I would have liked to take some shots of the exterior, but the weather has simply been too brutal for me. The morning I drove over to Madison the temperature was hovering around zero with wind chills in the range of minus 15 to 20 Fahrenheit. It just wasn't worth it to set up for any exterior photos, at least this time around. But in the bright sunlight the interior was spectacular.
The building is structured with four large wings extending in compass directions from a central rotunda capped by an impressive dome. My favorite feature is, of course, the dome. When I initially shot the dome, my goal was to set up at the very center of the rotunda, point the camera straight up, and get a symmetrical shot. But I have since felt that an off-center perspective can be more interesting. (Or maybe it is, in part, because I simply don't have a lens with a wide enough angle.) At the risk of overkill, here are a number of shots that approach the dome as a subject from a number of different perspectives.
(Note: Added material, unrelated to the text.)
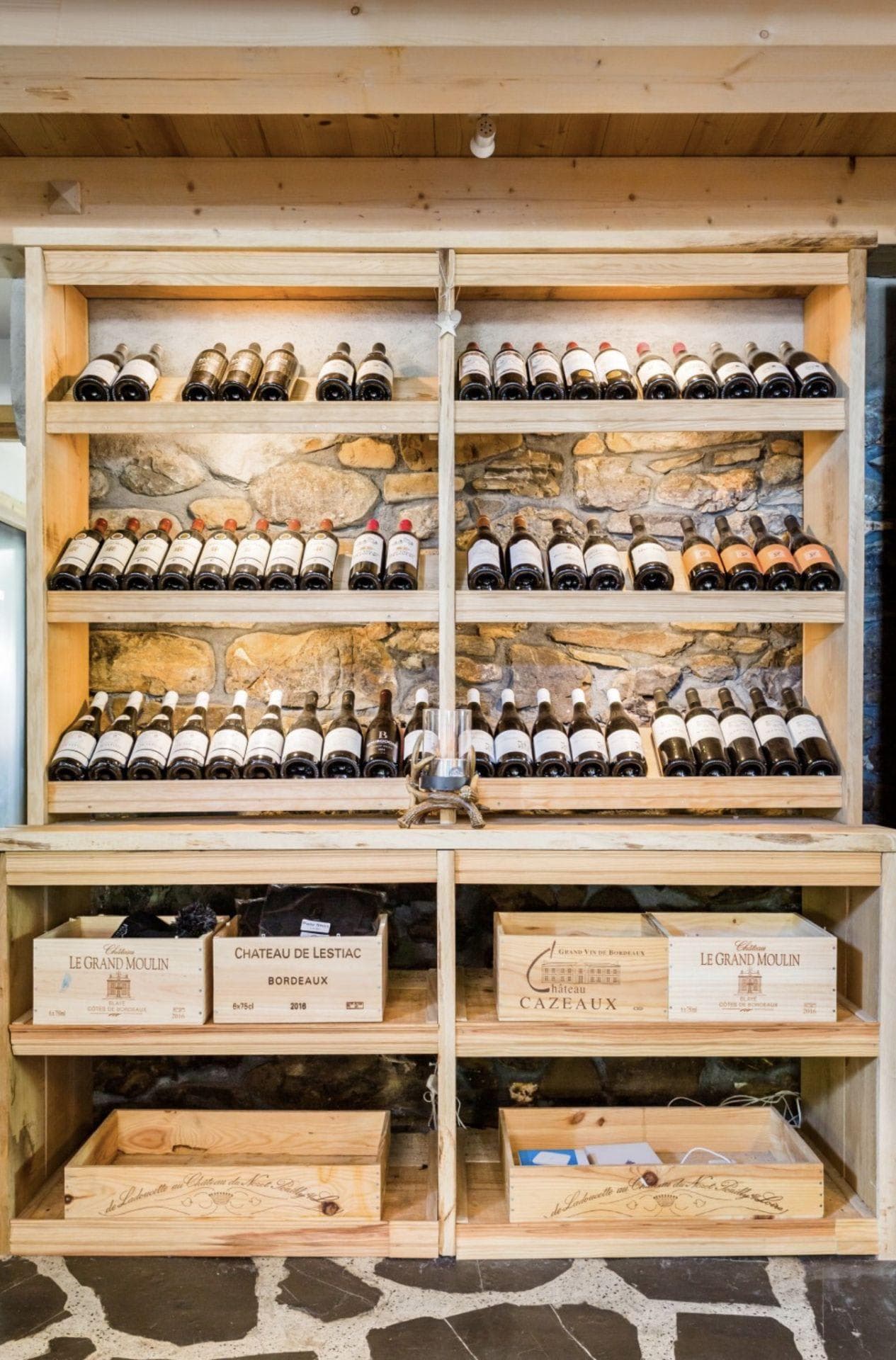 Wine cellar with built-in timber shelving and original stone walls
The following is perhaps the most conventional of these shots, featuring both the texture of the dome proper as well as the windows that encircle the dome's base.
The next few shots are a bit less conventional. I liked the following shot for its asymmetrical inclusion of a portion of the semi-cylindrical ceiling of one of the side wings.
And here are a couple of shots that are symmetrical but off-center. In think the second shot, in particular, reveals great depth.
Here is another shot featuring the conjunction of the dome and the ceiling of one of the wings.
The building went through a major restoration in the 1980s, and this and the shot below illustrate the amount of craftsmanship that went into the building's original design as well as its restoration.
And that raises a question: As spectacular as this and other government buildings can be, is this money well spent. I realize that this was built in the first part of the 20th century, when the cost of such craftsmanship was much lower, but it is clear that this degree of ornateness would never have been supportable in today's economy.
Here are some wider angle shots that show the building's complexity.
Here is a shot of the end of the corridor leading to the supreme court chamber.
And a look in the court chamber itself.
High on the wall at the end of each wing is none other than Wisconsin's state animal, the badger.
I also found myself shooting some of the staircases, including this one of a handrail . . .
. . . as well as this view through an archway on a side corridor.
One of the challenges that interior architectural photography commonly poses is the enormous range of light that one has to deal with. Many of the shots require choosing between, on the one hand, reducing exposure in order to keep the bright areas from being "blown out" and, on the other, increasing exposure in order to brighten sufficiently the dark areas. Admittedly, the above shot posed substantial issues because the light fixture was telling my camera to underexpose the scene, but the stairway was really poorly lit. As a result, I wound up working hard in post processing to bring out the detail in the stairway without overexposing the remainder of the image. I actually wound up liking this shot--as modified--quite a lot.
I have been in a photography drought lately, and this excursion really did my heart good.